## What the exercise asks:
Only the pictures are to be left out; the listing itself is repeated exactly.

## Stored data:
★ ★ ★ ★ ★

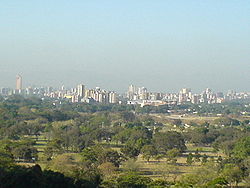 Skyline of Maracay, shire town of the Girardot Municipality.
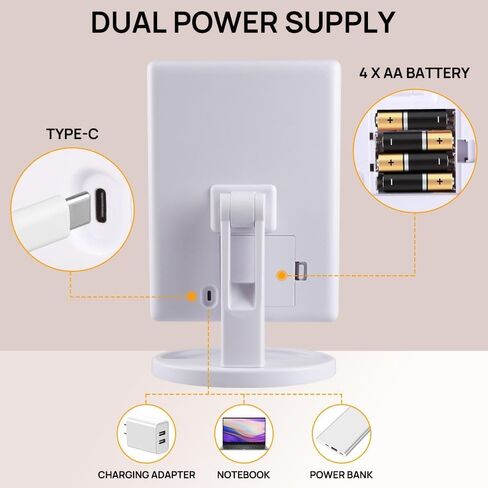 Lighted Vanity Makeup Mirror with 16 LED Lights 180° Rotation Screen Adjustable Brightness, Two Power Supply Modes Make Up Mirror (White) in Saudi Arabia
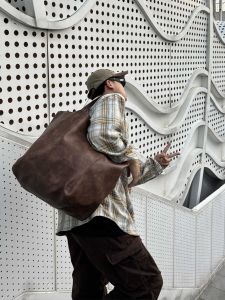 Large Capacity Soft Leather Shoulder Handbag Maternite Bag Shopping Bag Commuter Lazy Style Youth Casual Magnetic Buckle Closure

★ ★ ★ ★ ★

## Result of the exercise:
 Skyline of Maracay, shire town of the Girardot Municipality.
 Lighted Vanity Makeup Mirror with 16 LED Lights 180° Rotation Screen Adjustable Brightness, Two Power Supply Modes Make Up Mirror (White) in Saudi Arabia
 Large Capacity Soft Leather Shoulder Handbag Maternite Bag Shopping Bag Commuter Lazy Style Youth Casual Magnetic Buckle Closure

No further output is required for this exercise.